Favoriser la démolition et le réemploi des maisons vacantes

Le problème que posent ces maisons inoccupées ne pourra être résolu que par des mesures incitant d’une part à détruire rapidement celles qui sont détériorées au point d’être dangereuses, et d’autre part à ré-utiliser celles qui peuvent l’être.

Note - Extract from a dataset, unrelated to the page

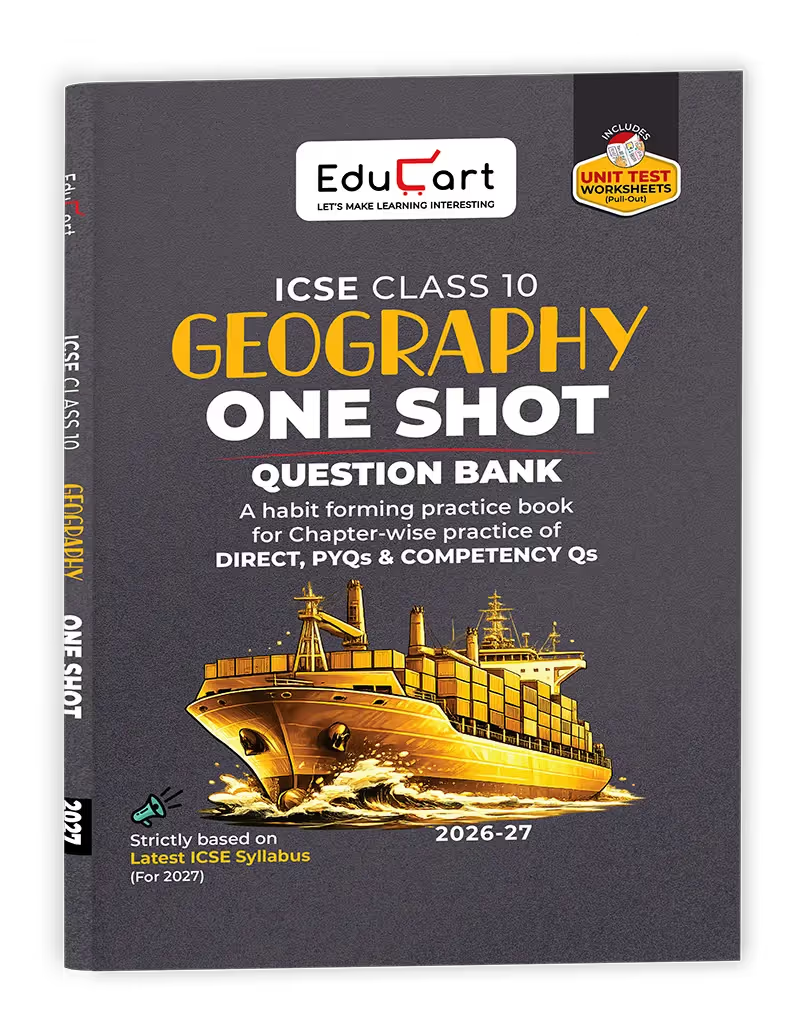 EduCart ICSE Class 10 Geography One Shot Question Bank 2026-27 (English Medium)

Certaines collectivités territoriales ont créé, dans le but de promouvoir la démolition de l’habitat dégradé, des systèmes imposant aux propriétaires des maisons vacantes une obligation de bonne gestion, sous peine de se voir imposer une amende ou même la démolition forcée. D’autres offrent des subventions aux propriétaires de maisons dangereuses pour les aider à les détruire. Il y en a enfin certaines qui ont pris des mesures pour ne plus appliquer l’allègement de la taxe foncière aux maisons devenues dangereuses. Une loi est en préparation pour promouvoir ces initiatives.

Un nombre croissant de collectivités locales se sont dotées de « banques de maisons vacantes » pour favoriser le réemploi de celles dont l’état le permet. Il s’agit de sites Internet offrant des informations sur ce parc immobilier avec un service de recherche pour les personnes intéressées, ainsi que des subventions à leur amélioration. Les utilisateurs de ces « banques » sont des jeunes ou des retraités qui souhaitent s’installer à la campagne, des travailleurs indépendants qui cherchent un local d’activités, ou encore des personnes qui se lancent dans l’agriculture.

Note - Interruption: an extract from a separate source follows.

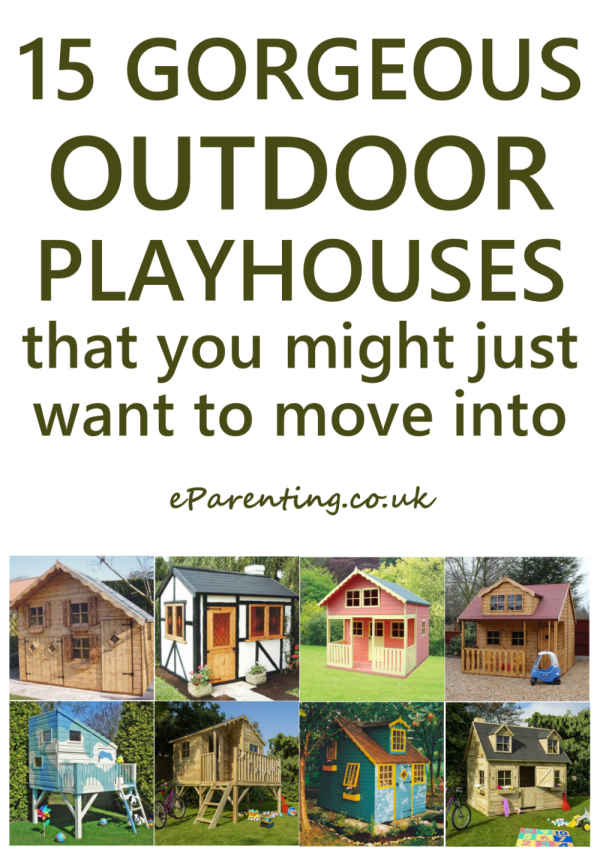 10 Gorgeous Wooden Outdoor Playhouses That You Will Wish You Could Move Into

Rendre attractif l’achat de maisons anciennes

Améliorer la qualité du bâti résidentiel et faire en sorte qu’il soit plus avantageux d’acheter une maison déjà existante que de faire construire est aussi important.

Le marché de l’immobilier résidentiel ancien a jusqu’à présent eu peu de succès au Japon parce que les propriétaires de maisons n’avaient pas de perspective de revente, ce qui les conduisait à négliger leur entretien. Ils n’avaient pas de raison pour le faire puisque bien entretenir leur propriété n’améliorait pas sa valeur de revente. Cette tendance commence enfin à s’inverser, et les carnets d’entretien spécifiant les travaux faits en ce sens commencent à être appréciés sur le marché de l’immobilier ancien. Le gouvernement encourage ces initiatives. Depuis le début des années 2000, des efforts sont aussi faits pour améliorer la qualité de la construction résidentielle, ce qui se traduit par une augmentation de la qualité des maisons neuves. Il faut sans doute introduire des dispositifs fiscaux au niveau national pour offrir de meilleures conditions à ceux qui empruntent afin d’acheter une maison existante qu’aux acquéreurs de neuf, ou encore des subventions à l’amélioration de l’habitat ancien, comme le font déjà certaines collectivités locales.

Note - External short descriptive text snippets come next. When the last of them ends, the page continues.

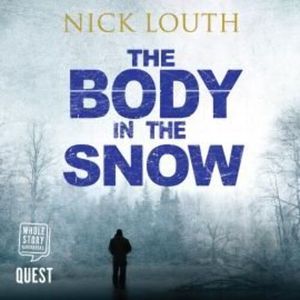 The Body in the Snow – okładka audiobooka, autor Nick Louth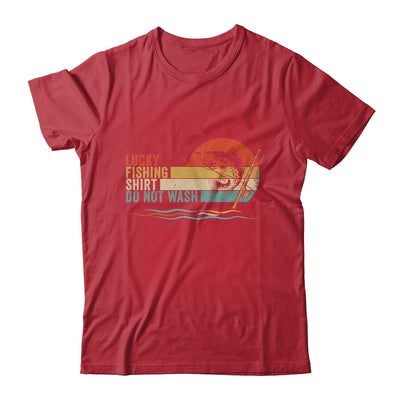 Funny Fisherman's Lucky Fishing Do Not Wash Men Women Shirt & Hoodie | teecentury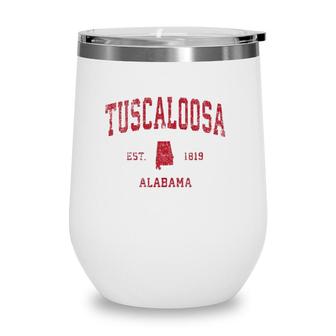 Tuscaloosa Alabama Al Vintage Sports Design Red Print Wine Tumbler | Mazezy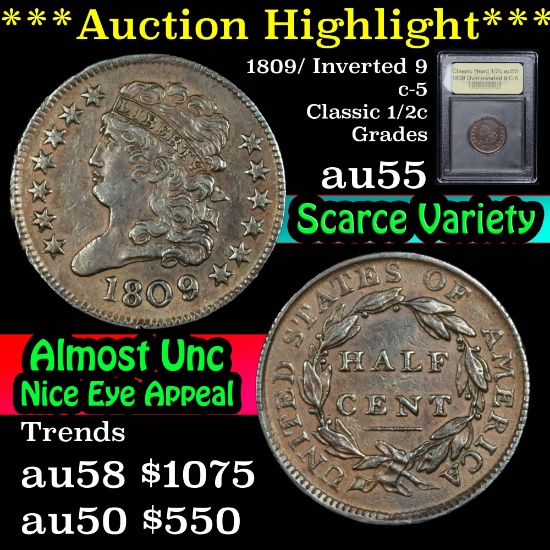 ***Auction Highlight*** 1809 Over inverted 9 Classic Head 1/2c Graded Choice AU By USCG (fc)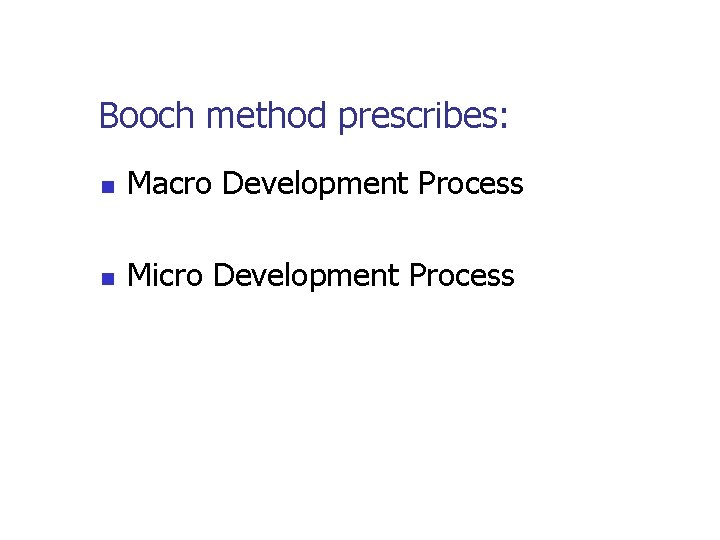 Booch method prescribes: n Macro Development Process n Micro Development Process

Réutiliser les maisons vacantes pour soutenir le logement

L’utilisation de maisons inoccupées comme habitat social est une autre possibilité à envisager. Au Japon, ce sont les collectivités locales qui bâtissent de l’habitat social pour aider les personnes qui ont des difficultés à se loger. Mais les logements sociaux construits pendant la période d’expansion rapide de l’économie sont souvent en mauvais état aujourd’hui et les difficultés financières des collectivités locales font qu’elles ont du mal à les remplacer. Il faut réfléchir à des dispositifs permettant d’utiliser les maisons vacantes comme habitat social en offrant des subventions aux locataires pour les aider à payer leur loyer.

La promotion du réemploi des maisons vacantes ne suffira probablement pas à stopper l’augmentation de leur nombre, étant donné la rapidité de la baisse démographique. Elle devra aussi aller de pair avec des efforts pour rendre plus denses les zones urbaines qui ont connu pendant la période de croissance économique rapide une expansion incontrôlée.

(D’après un article original en japonais du 8 septembre 2014.)